RISKY BUSINESS
Interestingly, a Siena College poll conducted days after Cuomo’s speech found that “more than half of New Yorkers support Cuomo’s proposal for allowing non-Indian casino gambling…53 percent of New Yorkers supported Atlantic City- and Las Vegas-style casino gambling with 42 percent opposed.” By contrast, only 38 percent supported the idea of building the nation’s largest convention center at Aqueduct, and 57 percent were opposed. The governor told reporters that once people understand that Genting, not New York State, would put up the billions of dollars to build the giant complex, they would climb on board.
“I think they will be overwhelmingly supportive,” Cuomo said last week.

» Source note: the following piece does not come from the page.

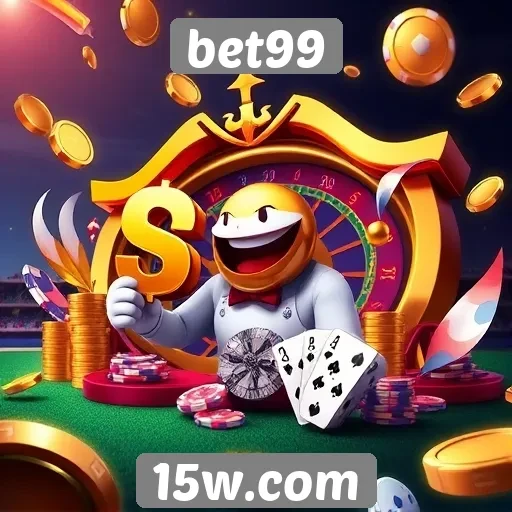 Variedade de jogos de cassino no bet99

He’s also promising to keep everything above board and transparent, which was not what happened two years ago when his predecessor proposed a gambling casino at Aqueduct.

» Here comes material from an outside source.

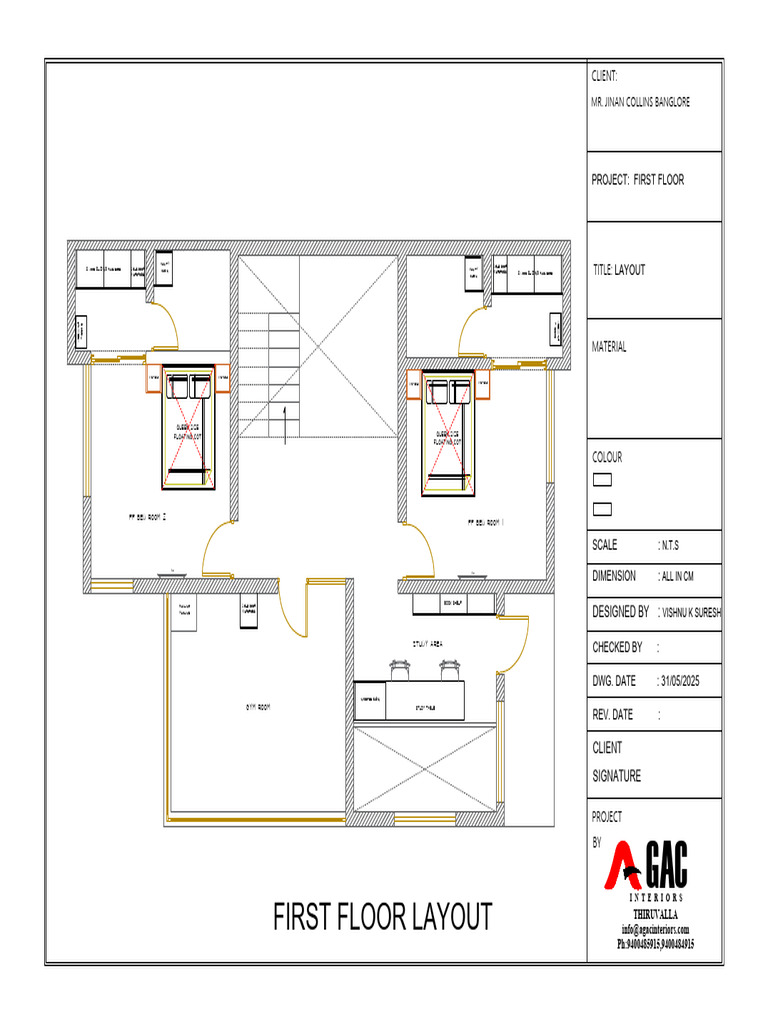 First Floor Layout for Jinan Collins | PDF | Furniture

Here’s the headline of a Daily News editorial in February, 2010: “Bad smell at Aqueduct.” The paper slammed then-Gov. David Paterson, Assembly Speaker Silver and then-state Senate Democratic boss John Sampson of Brooklyn for “their flagrantly scandalous plan to bring casino-style gambling to Aqueduct Racetrack in Queens.” The editorial board said these three Democrats “picked a company to run thousands of slot machines at the decrepit raceway in dead-of-night secrecy that reeks of favoritism and fixes.”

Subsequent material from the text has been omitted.